- **ASSIGNMENT**
Within the entries that follow, show each line where the word "View" occurs.

- **WORKING DATA**
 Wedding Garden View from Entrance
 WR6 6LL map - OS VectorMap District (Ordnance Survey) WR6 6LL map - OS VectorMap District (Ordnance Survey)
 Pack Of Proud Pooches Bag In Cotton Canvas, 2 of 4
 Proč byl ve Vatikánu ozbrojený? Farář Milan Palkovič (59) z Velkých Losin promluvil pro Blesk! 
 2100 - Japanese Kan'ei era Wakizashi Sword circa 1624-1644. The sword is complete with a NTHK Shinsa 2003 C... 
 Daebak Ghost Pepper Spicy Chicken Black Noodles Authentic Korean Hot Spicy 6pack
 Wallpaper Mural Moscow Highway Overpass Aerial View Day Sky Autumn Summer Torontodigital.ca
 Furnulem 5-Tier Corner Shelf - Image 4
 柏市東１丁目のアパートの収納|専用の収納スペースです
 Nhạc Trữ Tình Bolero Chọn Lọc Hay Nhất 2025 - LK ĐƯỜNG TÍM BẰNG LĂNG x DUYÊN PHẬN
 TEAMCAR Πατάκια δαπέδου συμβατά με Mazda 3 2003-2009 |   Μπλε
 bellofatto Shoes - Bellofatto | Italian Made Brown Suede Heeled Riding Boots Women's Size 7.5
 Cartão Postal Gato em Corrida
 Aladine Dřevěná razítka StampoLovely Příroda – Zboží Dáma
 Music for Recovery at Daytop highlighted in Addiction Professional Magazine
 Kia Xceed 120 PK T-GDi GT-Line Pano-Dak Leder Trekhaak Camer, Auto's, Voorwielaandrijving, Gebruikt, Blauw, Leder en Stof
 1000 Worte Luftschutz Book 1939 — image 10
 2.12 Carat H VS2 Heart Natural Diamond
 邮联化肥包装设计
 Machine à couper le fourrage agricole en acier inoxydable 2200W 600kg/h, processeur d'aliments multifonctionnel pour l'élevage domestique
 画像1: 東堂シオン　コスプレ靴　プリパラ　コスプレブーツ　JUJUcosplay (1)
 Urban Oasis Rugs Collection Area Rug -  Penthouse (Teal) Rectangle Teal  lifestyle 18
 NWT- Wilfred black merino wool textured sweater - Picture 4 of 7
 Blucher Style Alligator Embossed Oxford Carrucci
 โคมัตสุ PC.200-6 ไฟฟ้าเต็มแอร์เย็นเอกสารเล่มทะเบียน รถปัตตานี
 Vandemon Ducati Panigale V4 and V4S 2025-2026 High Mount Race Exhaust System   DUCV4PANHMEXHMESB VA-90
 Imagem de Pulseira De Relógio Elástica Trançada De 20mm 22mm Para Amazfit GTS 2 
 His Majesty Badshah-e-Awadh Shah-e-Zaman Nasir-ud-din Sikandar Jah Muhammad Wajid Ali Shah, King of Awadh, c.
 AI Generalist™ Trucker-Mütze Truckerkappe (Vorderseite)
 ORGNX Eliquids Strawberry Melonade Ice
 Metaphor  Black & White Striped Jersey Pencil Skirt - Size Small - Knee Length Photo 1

- **WRITTEN REPLY**
 Wedding Garden View from Entrance
 Wallpaper Mural Moscow Highway Overpass Aerial View Day Sky Autumn Summer Torontodigital.ca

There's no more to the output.